Patient education plays a critical role in the shoulder injury recovery process. Make sure it’s being done right.
A shoulder injury can be a traumatic event in and of itself. It can also prompt a whirlwind of phone calls, appointments, tests—and uncertainty about the future. Research suggests that providing patients with a resource to help outline the process and manage expectations may be a game-changer in bolstering both satisfaction and outcomes.
The Relationship Between Patient Education & Outcomes
A recent Gallup study demonstrated that surgery patients who felt they received early patient education —knew what to expect and were prepared for and followed post-procedure instructions—had fewer readmissions, were 33 percent more satisfied with the results, experienced 19 percent fewer problems and reported a higher level of contentment. Altogether, this indicates that patient education can lead to smoother recoveries and potentially lower overall per-patient costs.
That’s why more and more organizations are taking a patient-centric approach to injured worker interactions by incorporating higher levels of communication and engagement with patients prior to and throughout a treatment program. Not only can it improve the quality of care, it can encourage compliance with treatment, reduce the workload of adjusters and case managers and help mitigate psychosocial barriers to recovery.
Educating Patients with Shoulder Injuries
When it comes to shoulder injury cases, there are many misconceptions about the standard treatment program and recovery process. Here are four foundational points to drive home in a patient education program for shoulder injuries.
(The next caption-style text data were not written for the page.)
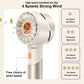 Handheld Fan,Portable Turbo Fan,Powerful Personal Fan(7000rpm High-Speed Motor,Battery Work 3-16 H),USB Rechargeable Mini Handheld Fan for Travel/Outdoor/Gift/Makeup (Beige)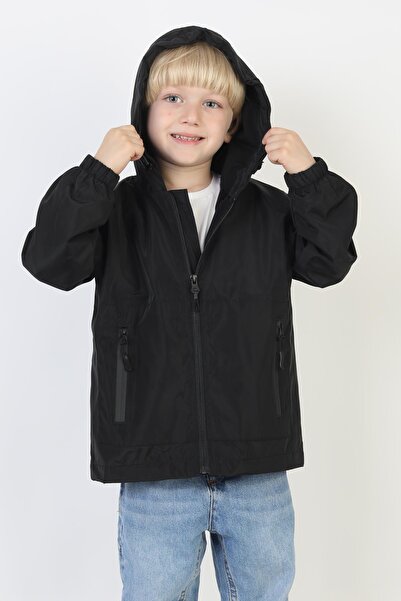 ASYAKİDS CLUB Boy's Hooded Pocket Lined Seasonal Raincoat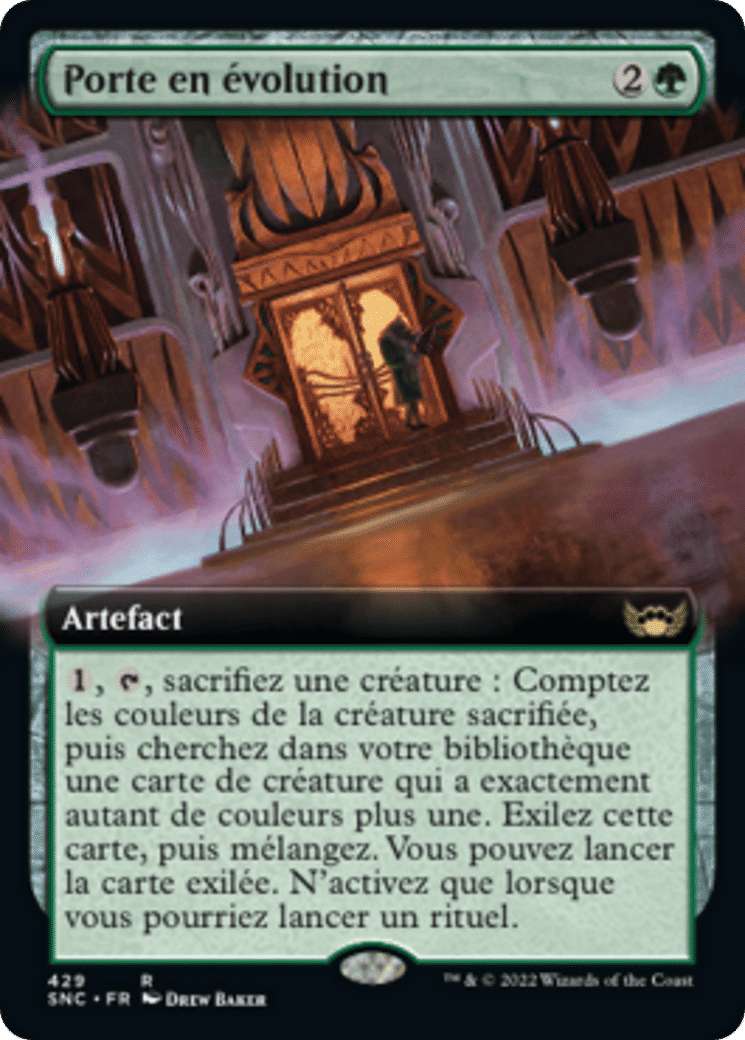 Porte en évolution — Streets of New Capenna — Magic: The Gathering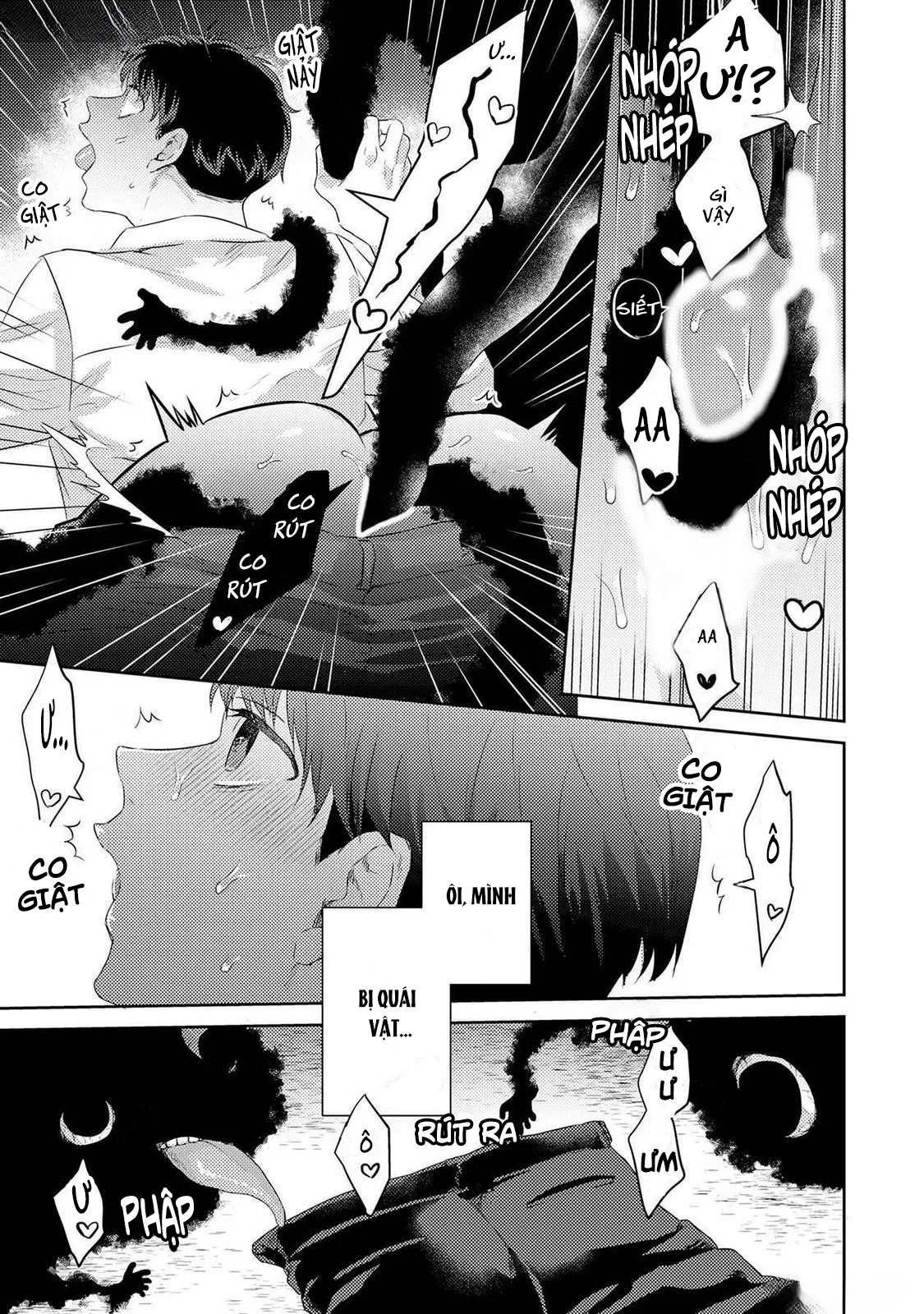 Tôi sẽ trừ tà cho anh vậy nên tôi cho vào nhé Chapter 1 Trang 25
- You are not alone. Shoulder injuries are the second most common musculoskeletal problem in workers (the first is back pain). The shoulder is made up of four different joints that work together to allow movement of the arms. As we age, the joint and surrounding tendons undergo a natural aging process that can make them more susceptible to injury. Jobs that require repetitive use of the arms above shoulder height or the handling of heavy loads are particularly stressful to the shoulder.
- MRI images should be taken with a grain of salt. Imaging in the initial months after injury is not necessary in most cases unless there is significant trauma. Imaging results can sometimes be misleading. Problems identified on the image may have been present prior to symptoms, and are not really the cause of present pain. Lots of people have ‘wrinkles’ on the outside and inside, that are not necessarily harmful.
- Surgery may not be necessary. Surgery is usually reserved for people who are still having significant problems after a course of physical therapy. A large study found more than three-quarters of patients with chronic, full-thickness rotator cuff tears avoided surgery through a supervised exercise program. In fact, the same study found that the strongest predictor of undergoing surgery—even stronger than the characteristic of the tear itself—was low patient expectations regarding the effects of physical rehabilitation.
- In most cases, a full recovery is expected. For the vast majority of shoulder problems, a complete return to function can be achieved with a combination of temporary activity modification (avoiding heavy or repetitive lifting and sustained overhead use of the arms) and a gradual, supervised exercise program. Shoulder muscles provide stability and control so most problems can be successfully managed with an exercise program. This may require some early coaching and supervision under the guidance of a physical therapist and may take up to 12 weeks to achieve full effect. Sometimes in addition to exercise, medication or an injection may be prescribed to help reduce inflammation and allow for effective exercise. It’s important to stay active and modify work duties, when possible.